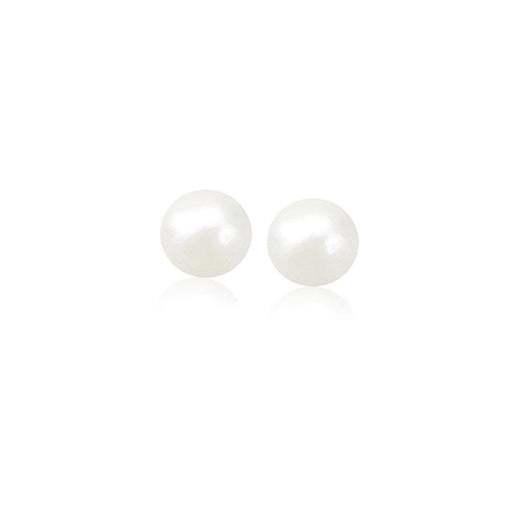 Bids.com 14k Yellow Gold Freshwater Cultured White Pearl Stud Earrings (6.0 mm) Earrings White Smoke Yellow Gold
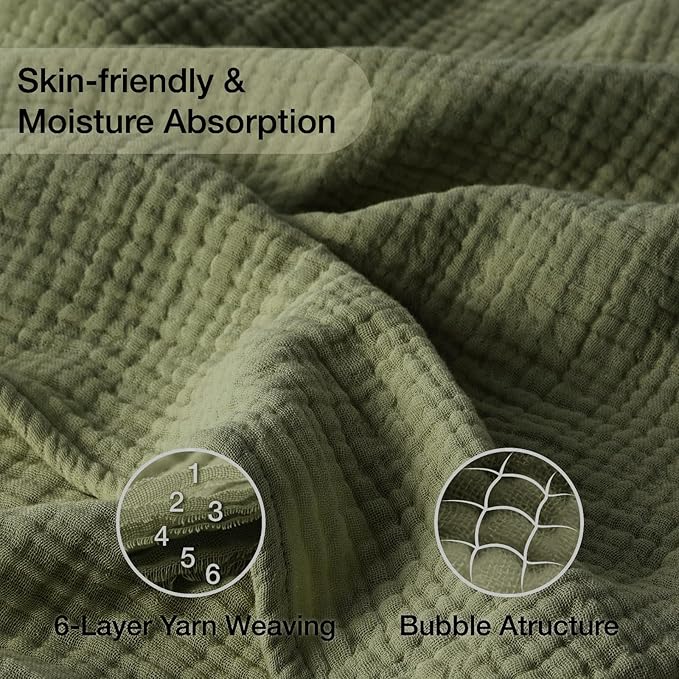 100% Cotton Muslin Blanket Queen 90" x 90", Breathable and Lightweight Cotton Throw Blanket for Bed, Soft Cooling Summer Gauze Blanket for Adults All Season, Olive Green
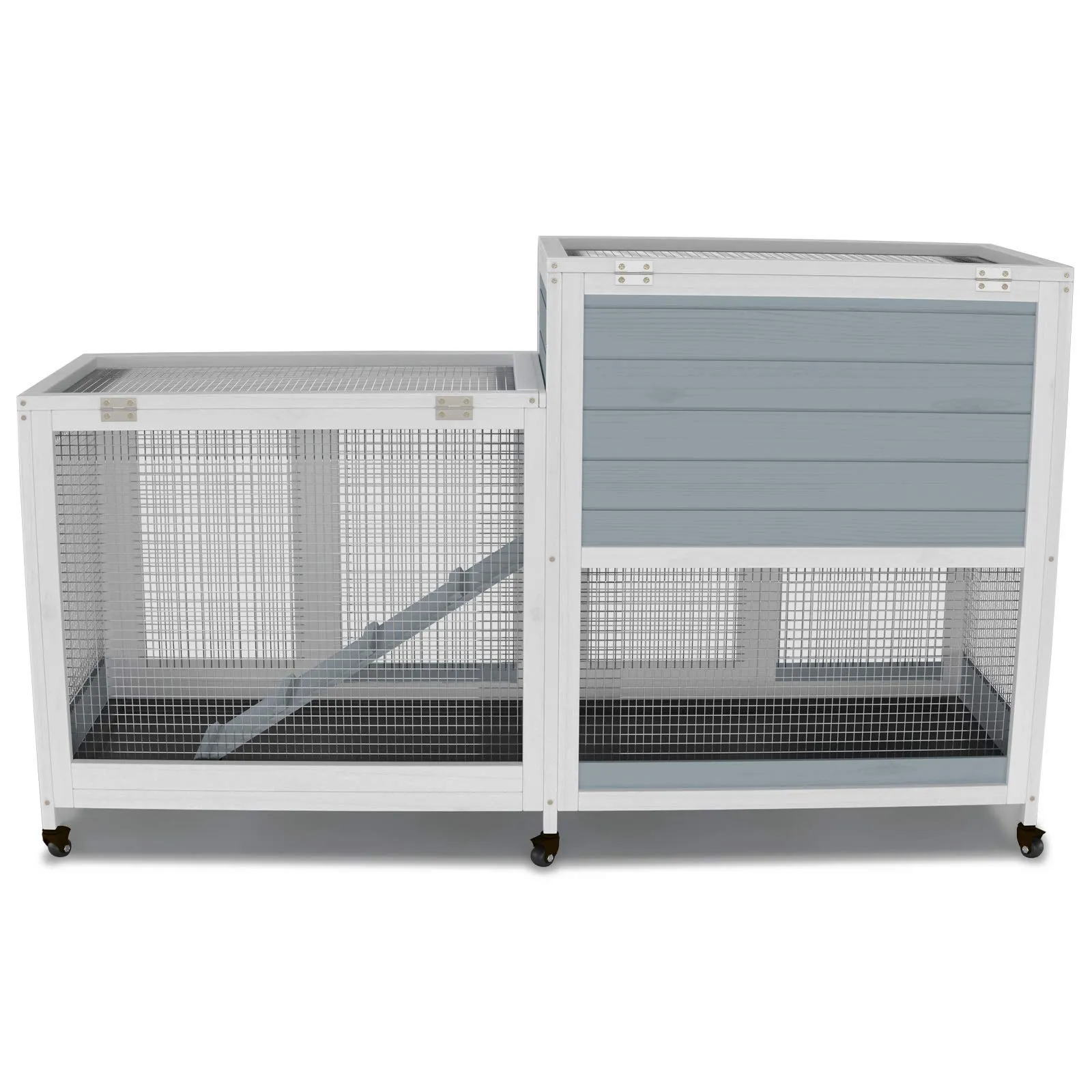 Portable Rabbit Cage Wooden Indoor Bunny Hutch On Wheels For Small ...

■ ■ ■

Before handing back the copy, remove the pictures; otherwise print the data exactly.

◆ Your response:
 Bids.com 14k Yellow Gold Freshwater Cultured White Pearl Stud Earrings (6.0 mm) Earrings White Smoke Yellow Gold
 100% Cotton Muslin Blanket Queen 90" x 90", Breathable and Lightweight Cotton Throw Blanket for Bed, Soft Cooling Summer Gauze Blanket for Adults All Season, Olive Green
 Portable Rabbit Cage Wooden Indoor Bunny Hutch On Wheels For Small ...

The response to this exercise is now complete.